Speaker: Rizwan Sadiq
Time: September 04, 2020, 12:00pm
Place: This thesis defense will be held on online. You can join the presentation through the below link at the mentioned date and time.
Meeting ID: 951 5239 0890
Thesis Committee Members:
Prof. Engin Erzin (Advisor, Koç University)
Prof. Yücel Yemez (Koç University)
Prof. Çiğdem Eroğlu Erdem (Marmara University)
Prof. A. Murat Tekalp (Koç University)
Prof. Murat Saraçlar (Boğaziçi University)
Although speech-driven facial animation has been studied extensively in the literature, works focusing on the affective content of the speech are limited. This is mostly due to the scarcity of affective audio-visual data.

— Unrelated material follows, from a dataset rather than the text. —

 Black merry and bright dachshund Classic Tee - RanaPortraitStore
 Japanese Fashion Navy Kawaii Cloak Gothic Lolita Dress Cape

In this thesis, we present three major studies that lead us to speech-driven affective facial synthesis. First, we investigate the use of lip articulations for affect recognition to better understand dependencies across lip articulations, phonetic classes and affect. Then, we propose a multimodal system, consisting of text and speech, for affective facial feature synthesis. A phoneme-based model driven from text qualifies generation of speaker independent animation, whereas a speech based model enables capturing affective variation during the facial feature synthesis. Finally, we improve the affective facial synthesis using domain adaptation by partially reducing the data scarcity. In this last study, we first define a domain adaptation to map affective and neutral speech representations to a common latent space in which cross-domain bias is smaller. Then, the domain adaption is used to augment affective representations for each emotion category, including angry, disgust, fear, happy, sad, surprise and neutral, so that we can better train emotion-dependent deep audio-to-visual (A2V) mapping models. Based on the emotion-dependent deep A2V models, the proposed affective facial synthesis system is realized in two stages: first, speech emotion recognition extracts soft emotion category likelihoods for the utterances; then a soft fusion of the emotion-dependent A2V mapping outputs form the affective facial synthesis. Experimental evaluations are performed on the SAVEE audio-visual dataset with objective and subjective evaluations. The proposed affective A2V system achieves significant mean square error loss improvements in comparison to the recent literature. Furthermore, the resulting facial animations of the proposed system are preferred over the baseline animations in the subjective evaluations.